- _ACTIVITY_
From the line with "Hello and welcome" to the line with "Hi. In this", output every line below exactly, both ends included. Skip the pictures.

=== DATASET ===

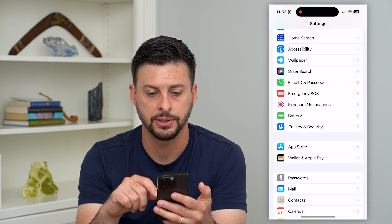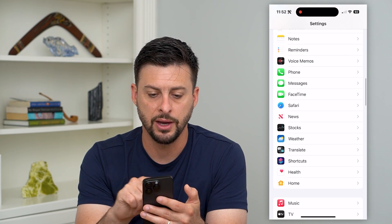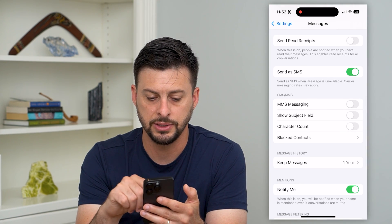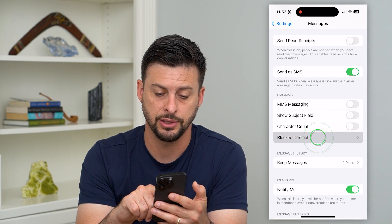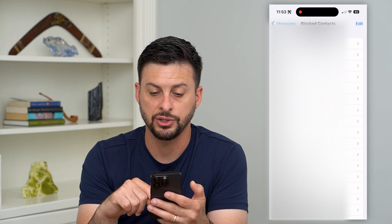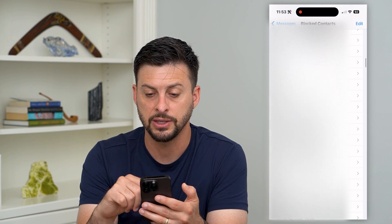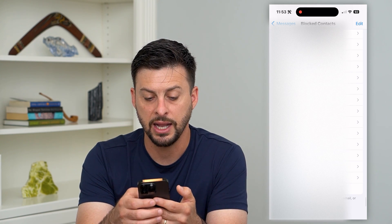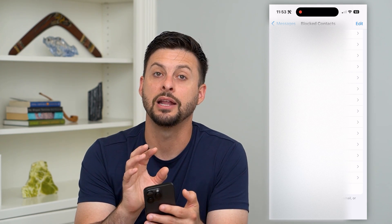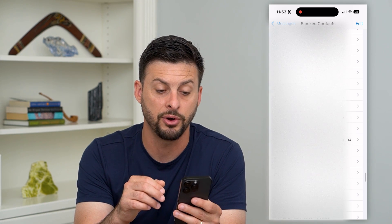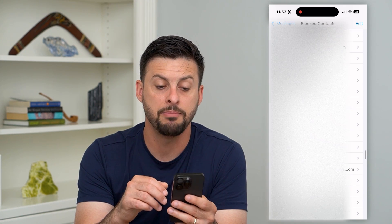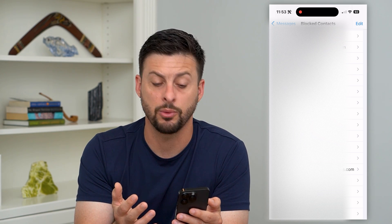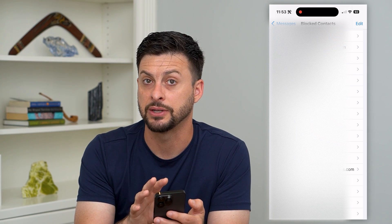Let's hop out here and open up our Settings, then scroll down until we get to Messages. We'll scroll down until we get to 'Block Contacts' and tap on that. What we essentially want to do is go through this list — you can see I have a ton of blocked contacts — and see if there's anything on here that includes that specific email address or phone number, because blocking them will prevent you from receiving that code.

===
=== DATASET ===

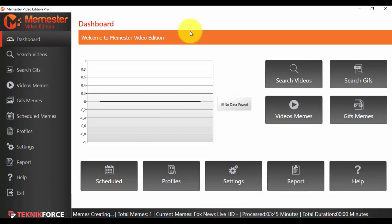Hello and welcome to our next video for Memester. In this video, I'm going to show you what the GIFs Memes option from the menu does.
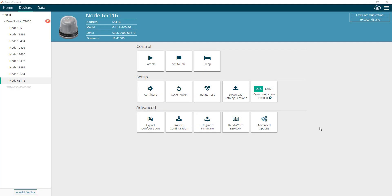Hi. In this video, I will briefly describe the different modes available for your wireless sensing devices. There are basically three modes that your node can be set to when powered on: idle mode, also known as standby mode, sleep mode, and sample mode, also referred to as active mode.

===
=== DATASET ===

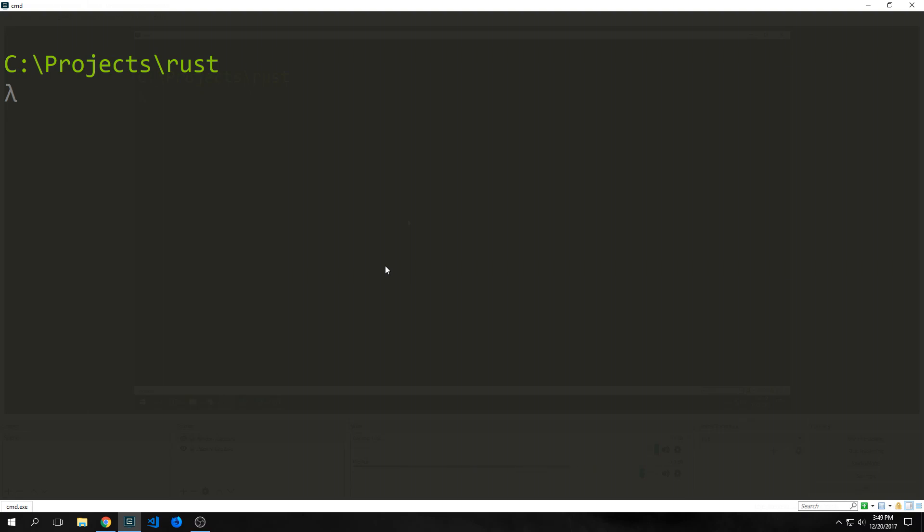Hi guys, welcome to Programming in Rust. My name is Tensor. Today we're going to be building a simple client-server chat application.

===

- _YOUR SOLUTION_
Hello and welcome to our next video for Memester. In this video, I'm going to show you what the GIFs Memes option from the menu does.
Hi. In this video, I will briefly describe the different modes available for your wireless sensing devices. There are basically three modes that your node can be set to when powered on: idle mode, also known as standby mode, sleep mode, and sample mode, also referred to as active mode.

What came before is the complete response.